Yes – the test can be administered to both children and adults, though the test format and scoring is slightly different between the child and adult populations. Anyone under the age of 14 is considered a child based on the scoring criteria. However, at our clinic we only see patients over the age of 14, so we have only tested adults.
Do the results of the test influence dosages of medication both for headaches and ADHD?
With respect to ADHD, test results do have an impact on treatment. If the patient has previously been diagnosed with ADHD and the results are moderate to severely position while on medication, then we will most likely increase the daily dose. The use of a stimulant may have an indirect effect on headache patients, if headaches are triggered by daytime fatigue. The stimulant will help to reduce headache frequency and severity, as the daytime fatigue is being treated.
How does working with neurologists differ from that of someone in another field (pediatrics, psychology, psychiatry, social work) who may be diagnosing ADHD?
If someone is being diagnosed with ADHD or ADD based on test results, then the situation is clear-cut regardless of whether the patient sees a neurologist or another type of specialist. However, when our patients start complaining of memory loss or fatigue (which are common neurological complaints), we are apt to test for ADD or ADHD because these patients can present those symptoms. With respect to headaches, a stimulant can reduce frequency and severity.
Do you think this is the future of ADHD diagnosis?
I hope so!
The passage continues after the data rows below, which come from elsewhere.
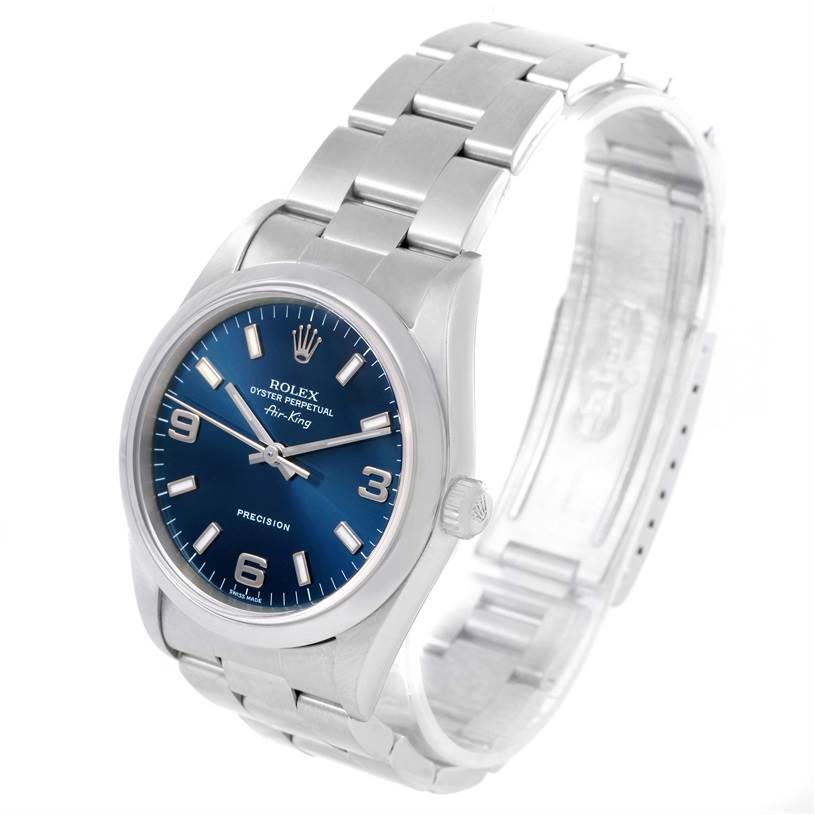 The Rolex Air-King 14000 Men's Stainless Steel Blue Dial 14000 Men's Stainless Steel Blue Dial watch is shown at a slight angle showcasing its metallic wristband and blue dial.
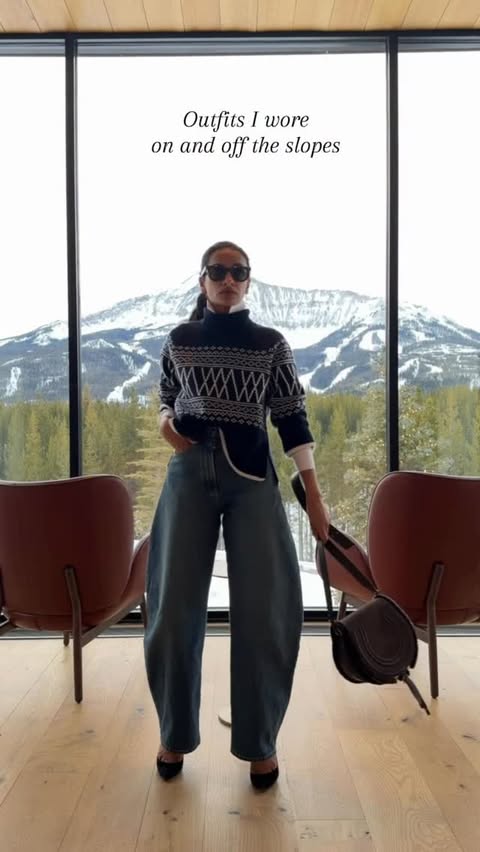 Instagram post by @sommyyah for NET-A-PORTER. Caption reads: [...] chalet chic to aprés ski sleek with....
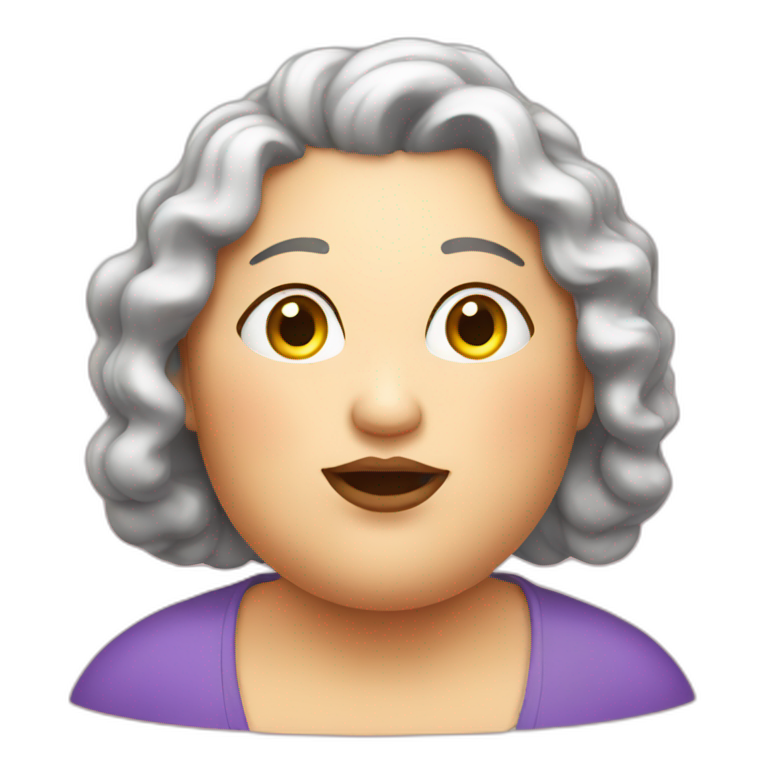 Big fat lady with double chin emoji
It's a more accurate way of diagnosing and treating ADHD, based on objective testing. It also helps to tease apart other neurological symptoms.
With so much controversy surrounding the over-diagnosis of ADHD, do you think this will help take a more scientific approach to diagnosing the condition? Will it add more legitimacy to ADHD?
I think so – people worry about misuse of medications, especially among college kids. Stimulants themselves are not generally addictive, but they may be abused for the convenience they offer. The test will ultimately prevent overprescribing of stimulants based on accurate diagnoses.